I quietly hoard memoirs
It is not my habit to collect things. Scanning my house, new visitors are quick to ask when we moved here. As if the work of moving in is still unfinished. As if our decade of residence at this house should have more to show for itself. A friend of mine finds the echo on the other side of the phone haunting. She jokes she’s going to bring a U-Haul full of her junk to dump in the living room of my “empty cave of a house.” The horror.
While I do favor open space and a more minimalist decor, I will confess that I have been hoarding memoirs. With the honesty and vulnerability we’ve come to hide from one another in everyday life, each testimony bares a life of struggle, great strength and tenacity, and hard-earned personal triumph. Generously, the authors have used their own life to teach strangers. These gifts are the stories of our elders.
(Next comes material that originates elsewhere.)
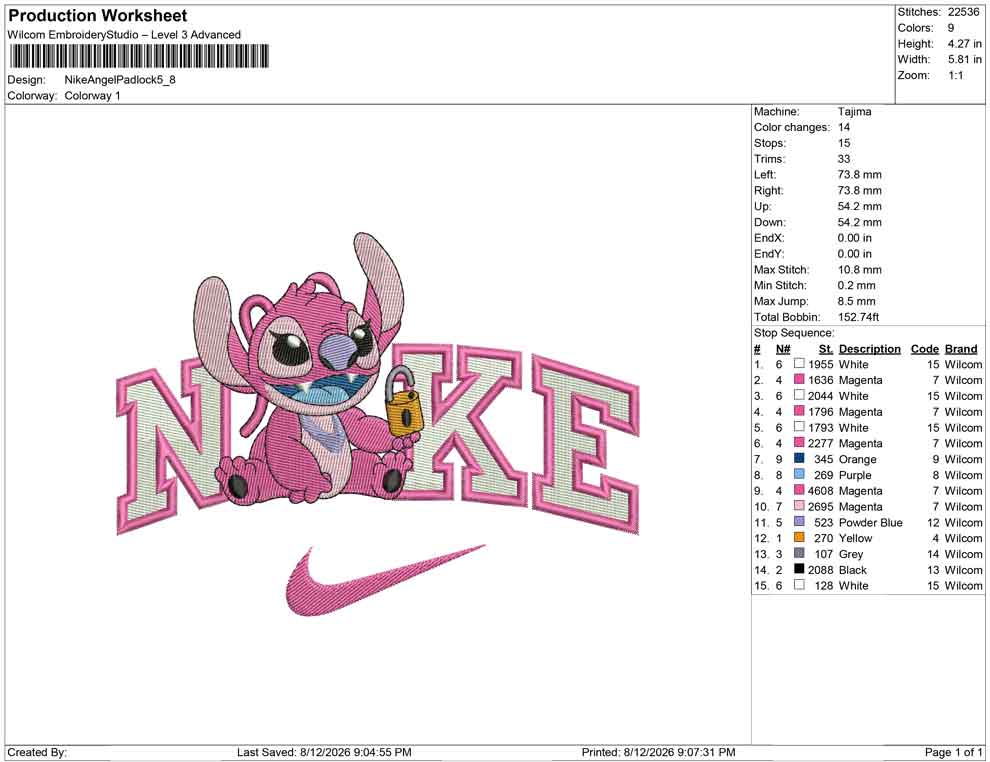 Nike Angel Padlock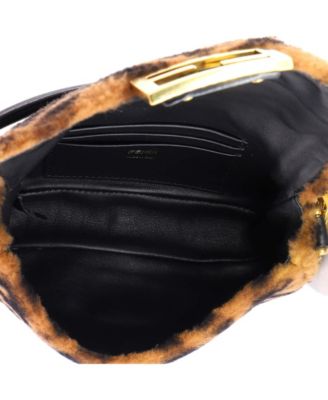 Mini Baguette NM Bag Zucca Shearling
They are wise and resilient, much like the ancient redwoods that house our smaller forest neighbors, and tower over our nestled home, standing guard over our daily lives.
One sunny day, I hauled my memoirs to the part of my deck closest to where the redwoods live. I figured my collection had grown taller me (like both of my sons already have), but how tall? As I picked up each book, I reminisced about the author’s journey. As I kept adding to the stack, so many lives flashed before me, distorting time and contracting space, leaving behind the warm feeling of human connection. I welcomed the kaleidoscope of emotions that passed through me.
Yes, my library of memoirs houses trauma; it’s also a beautiful gathering of hearts and minds, of journeys, of courage and resilience, of hope.
These memoirists, like the trees, dug deep in order to grow, transcend limitations, and find sustaining light. And like the roots of redwoods that intertwine with one another for greater stability, their collective voices form a communal strength——a testament to how remarkable the human spirit truly is.
This collection provides me with the exact tincture of inspiration I might need on any given day. And that beautiful spring day on the deck under the redwoods, it reminded me that the important things in life can’t be measured.